First footage of Game of Thrones veteran Ciarán Hinds in The Rings of Power
By Dan Selcke
The second season of The Lord of the Rings: The Rings of Power comes out next week, and Prime Video is sharing lots of footage to whet our appetites. For instance, here's Isildur (Maxim Baldry) and a new character named Estrid (Nia Towle) struggling to fight off a band of wild men, only to be rescued by the elf Arondir (Ismael Cruz Córdova):
Another clip is more of a mini-trailer, where we see the mysterious Stranger (Daniel Weyman) talk with Tom Bombadil (Rory Kinnear), a character from J.R.R. Tolkien's original Lord of the Rings books who is often left out of adaptations, but who shows up in this prequel series set thousands of years before the original story:
This clip also contains a snippet of footage of actor Ciarán Hinds, whom Game of Thrones fans may remember as wildling leader Mance Rayder, as a new character; we see him rising from a chair holding an elaborate staff. Multiple publications refer to him as a "dark wizard."
If that's the case, it will bring the number of unidentified wizards on the show to two. The Stranger is clearly a wizard, but the show has remained mum on which one. In Tolkienen lore, five wizards eventually make their way to Middle-earth: Gandalf and Saurman most people know. Then there's Radagast, the nature-loving wizard featured in Peter Jackson's The Hobbit movies. Then there's Alatar or Pallando, the "blue wizards" who go into the east. Almost nothing is known of their adventures.
Given that the Stranger is heading to the eastern land of Rhûn in The Rings of Power season 2, maybe he is one of these two lost blue wizards, and perhaps Hinds is playing the other. The details are being kept under wraps for now.

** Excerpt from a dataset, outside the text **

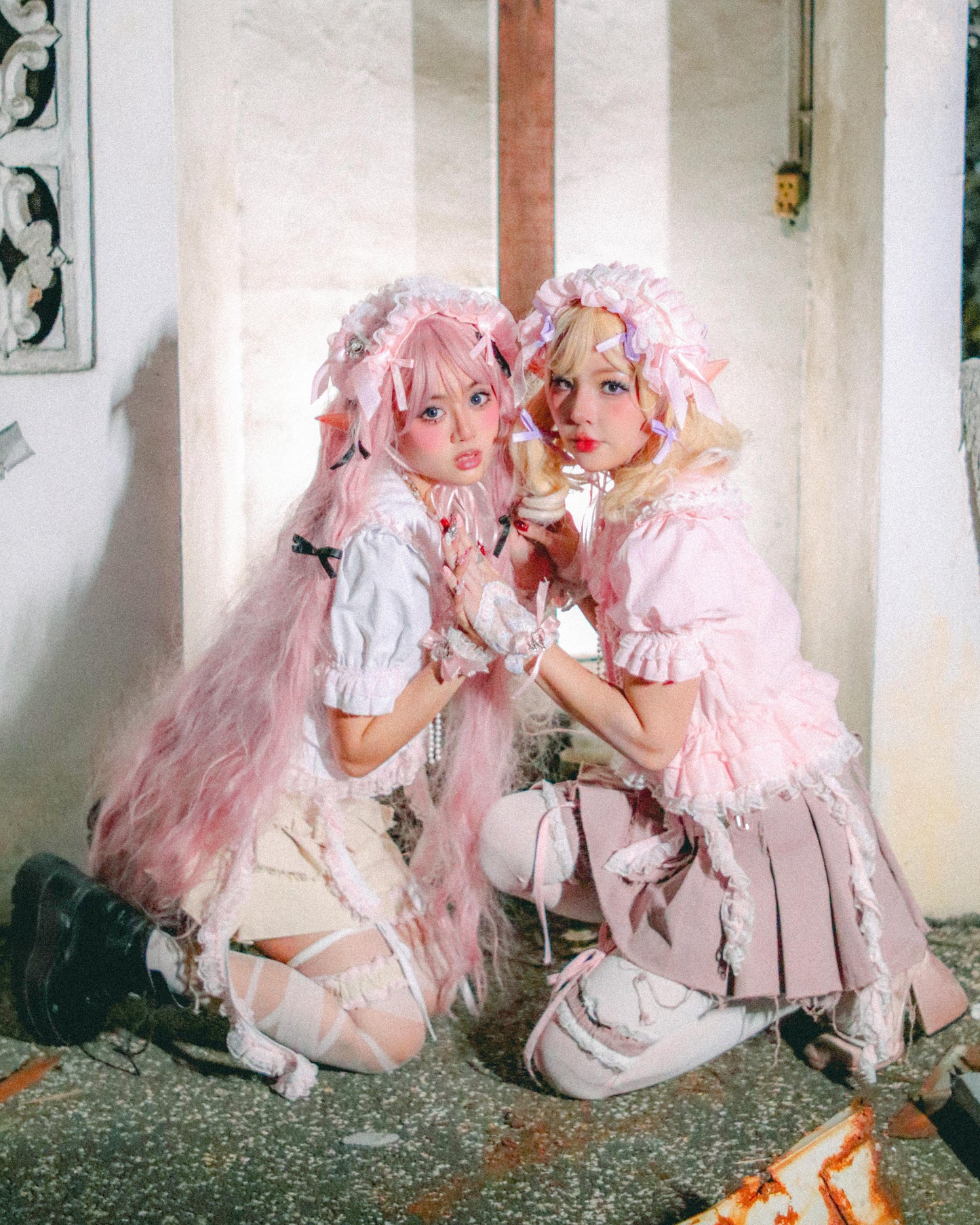 Blushing Maiden Headdress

Morfydd Clark (Galadriel) talks defending Rings of Power cast members against racist attacks
In the meantime, teases continue apace. Above, actor Charlie Vickers contemplates the changing face of Sauron, whom we'll see in a flashback played by a different actor; apparently the flashback is set around 1,000 years before the main events of the story.

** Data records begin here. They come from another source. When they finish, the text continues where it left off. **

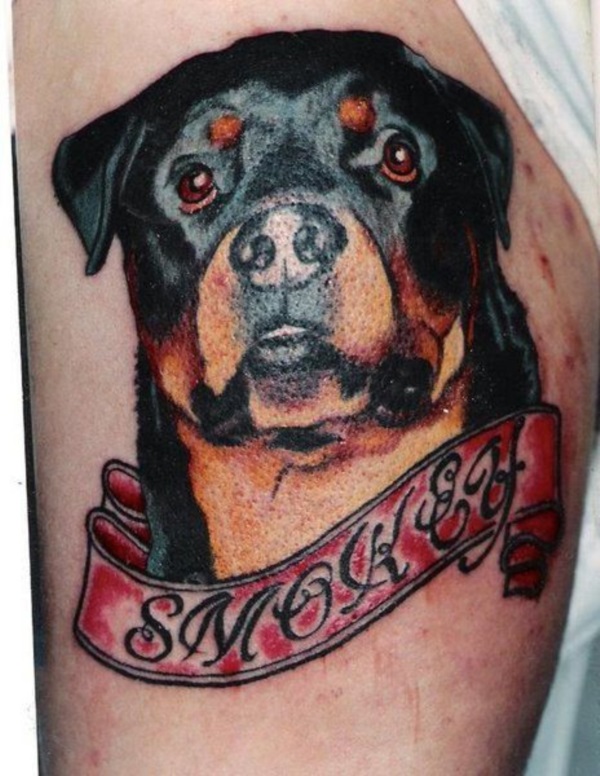Dog Tattoo Designs 12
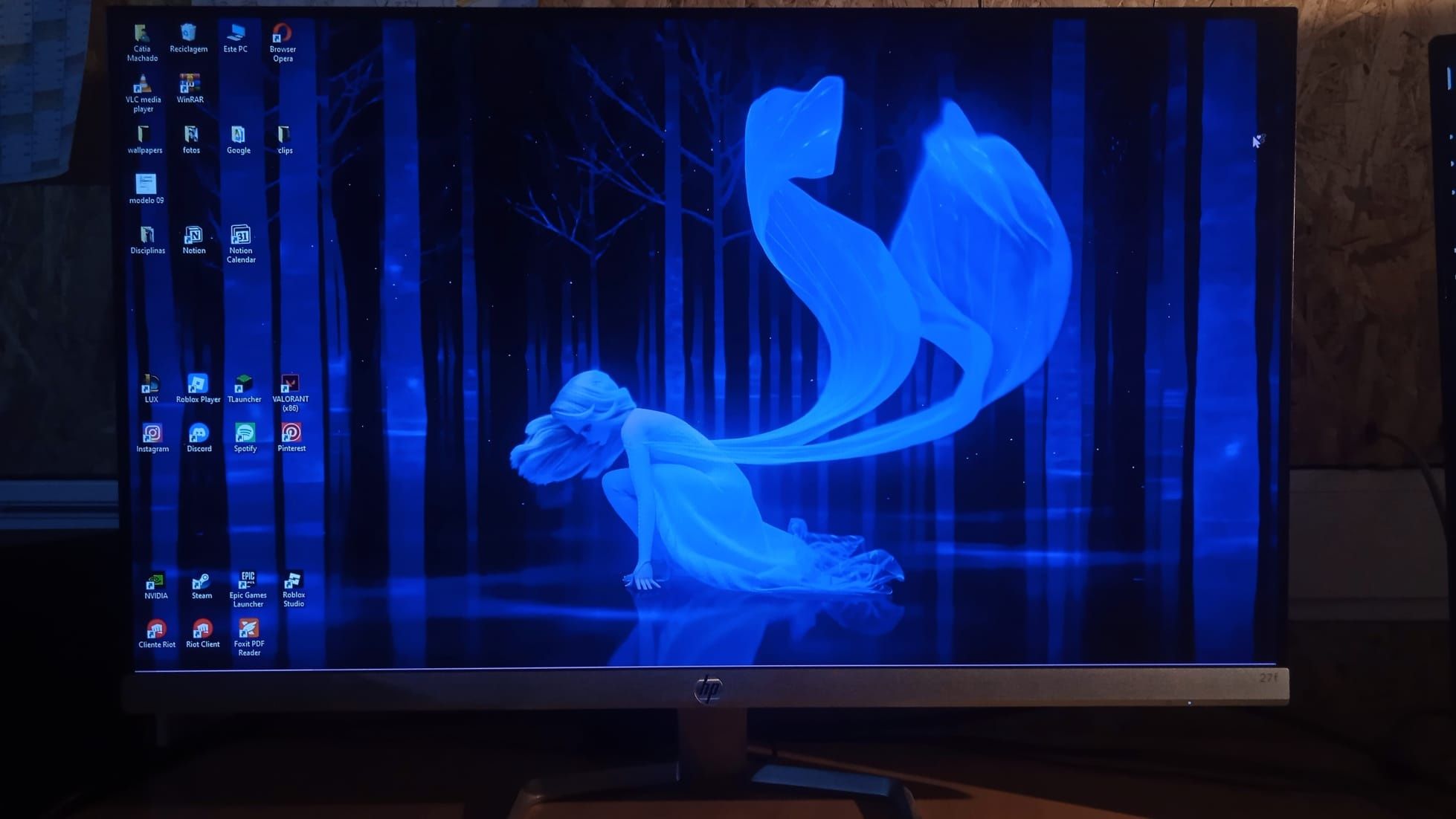 Monitor HP 75hz 27 polegadas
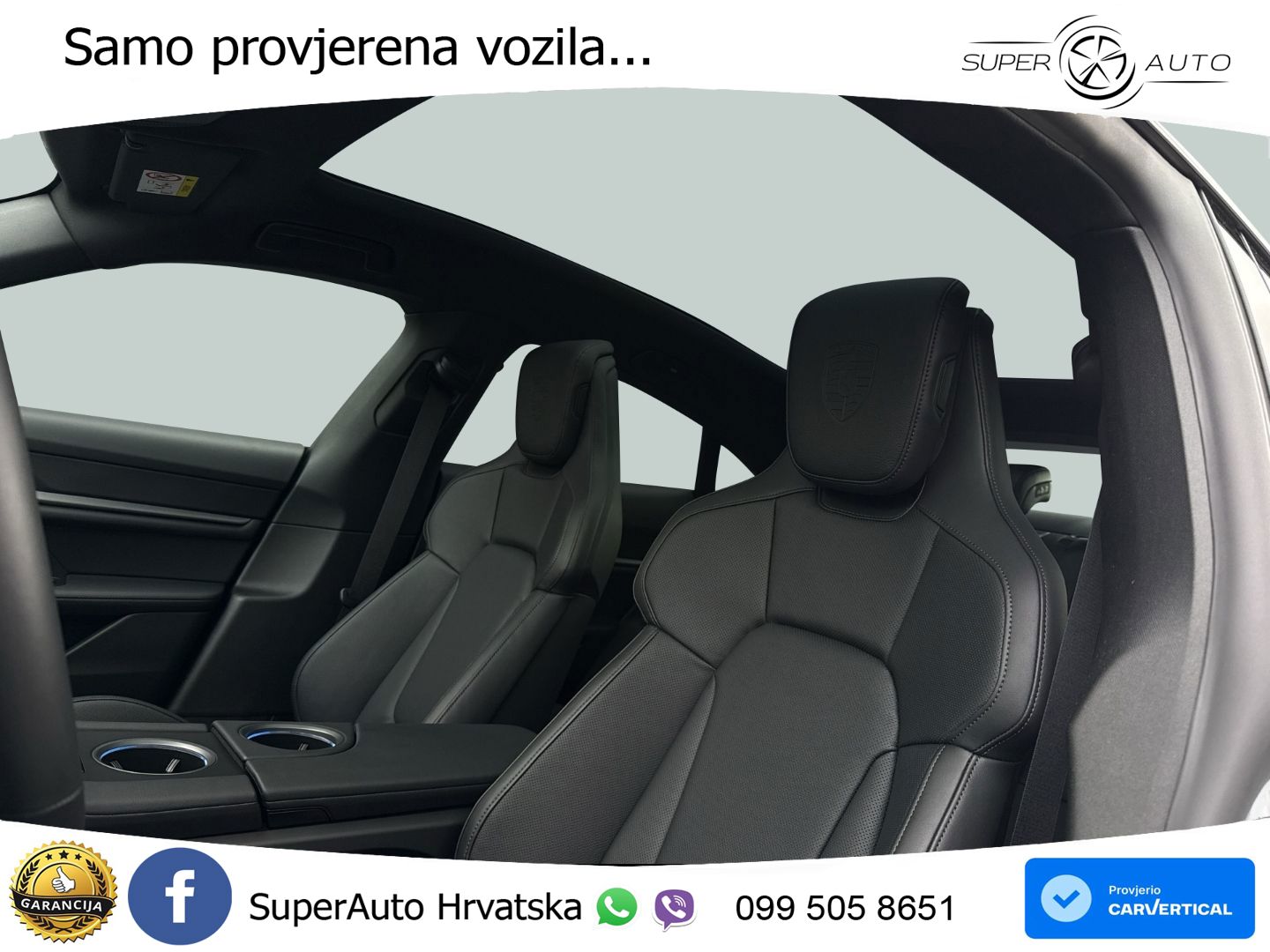 Porsche Taycan 4 105 kWh (435 KS)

During its first season, while The Rings of Power found an audience, it also got a fair amount of criticism. Some of it was valid — you're free to think the show is bad if you didn't like it — but there were also a fair number of fans who were simply displeased that the show featured people of color. The cast responded with a joint statement condemning racism directed against the show, the people who work on it, and other fans:
“I’m really glad that we did that," star Morfydd Clark (Galadriel) told NME. I think it was really important for our castmates, but also I couldn’t really appreciate how much it would mean to so many people. “We all wrote the message together in different countries – being like, ‘I don’t think the comma’s in the right place.’ It was like, ‘Oh my god we’re never going to post this thing!’ And then eventually Ben Walker [who plays High King Gil-Galad] was just like, ‘I’ve posted it, go!’ And so we all went live… It was showing the best parts of the community.”

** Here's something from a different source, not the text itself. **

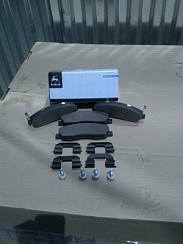 Фото Колодки тормозные задние ГАЗель NEXT 4,6т (дисковые тормоза) завод.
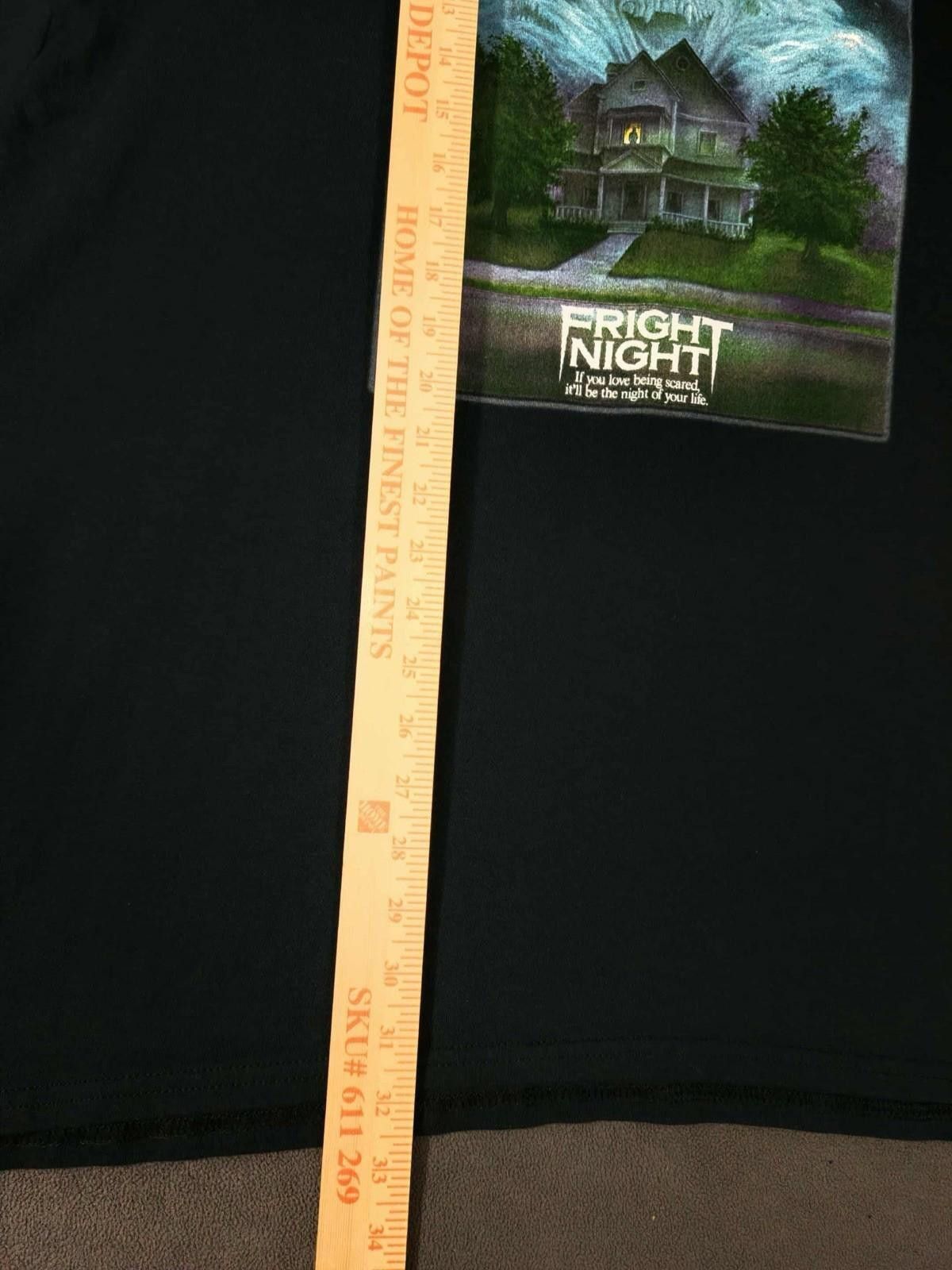 Other Vintage Fright Night Horror Movie T-Shirt 80s Poster 3XL #3 Size US XXL / EU 58 / 5 - 3 Thumbnail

At the same time, Clark does find it difficult to "tune out" the attacks, but the cast is close enough that they can soldier through it. “Our cast’s really close and we’re as happy as our least happy castmate… some people need to be protected and picked up and that’s something that is just going to be ongoing.”
The second season of The Lord of the Rings: The Rings of Power premieres on Prime Video on Thursday, August 29. The first three episodes will drop at once.